Image-caption web data
_ _ _
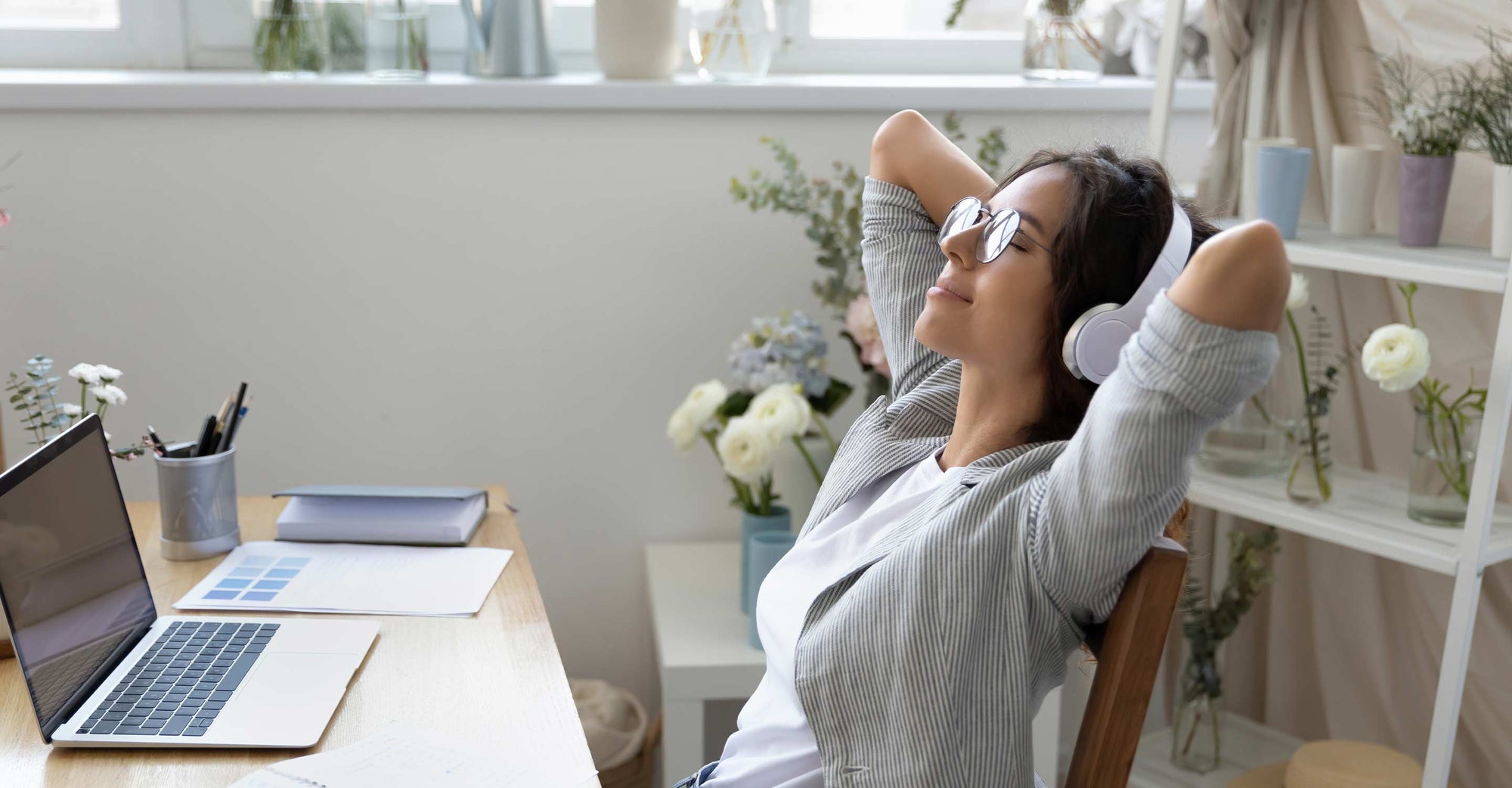 women with headphones siting in chair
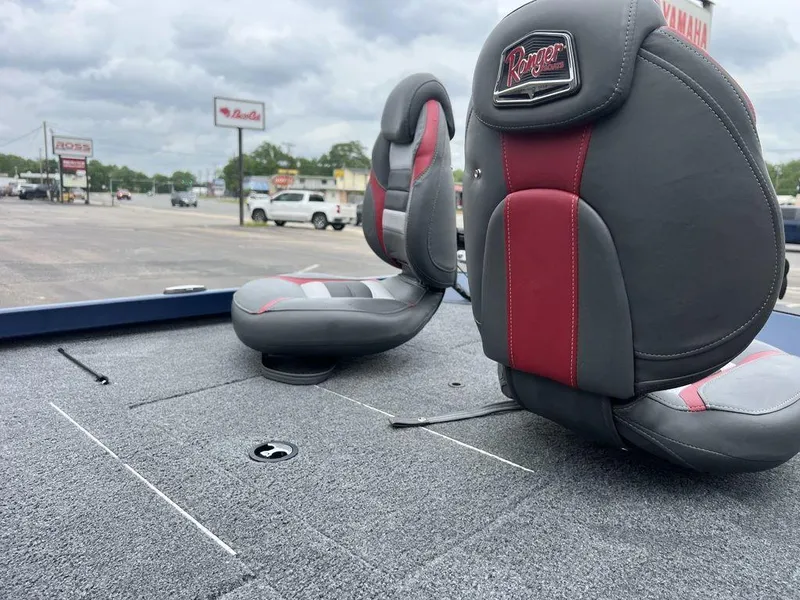 Slide: The Image of 2022 Ranger RT178C boat seats with red and gray upholstery, parked in a lot. - 28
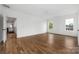 Bright, open bedroom featuring hardwood floors, large windows, and white walls at 1816 Parson St, Charlotte, NC 28205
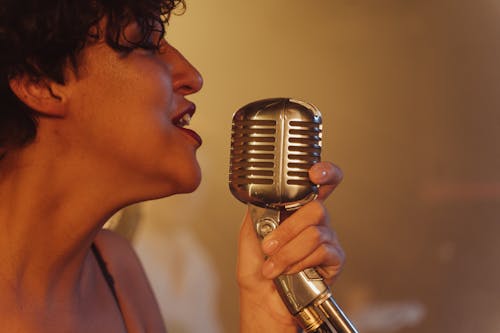 Close-Up Shot of a Woman Singing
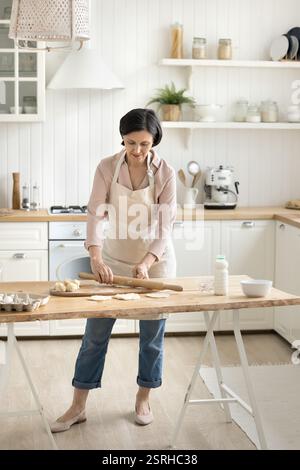 Confident mature woman flattening dough with rolling pin in kitchen Stock Photo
_ _ _
What you return must be the entries above, exactly as they appear, without any pictures.

**Completed exercise**
 women with headphones siting in chair
 Slide: The Image of 2022 Ranger RT178C boat seats with red and gray upholstery, parked in a lot. - 28
 Bright, open bedroom featuring hardwood floors, large windows, and white walls at 1816 Parson St, Charlotte, NC 28205
 Close-Up Shot of a Woman Singing
 Confident mature woman flattening dough with rolling pin in kitchen Stock Photo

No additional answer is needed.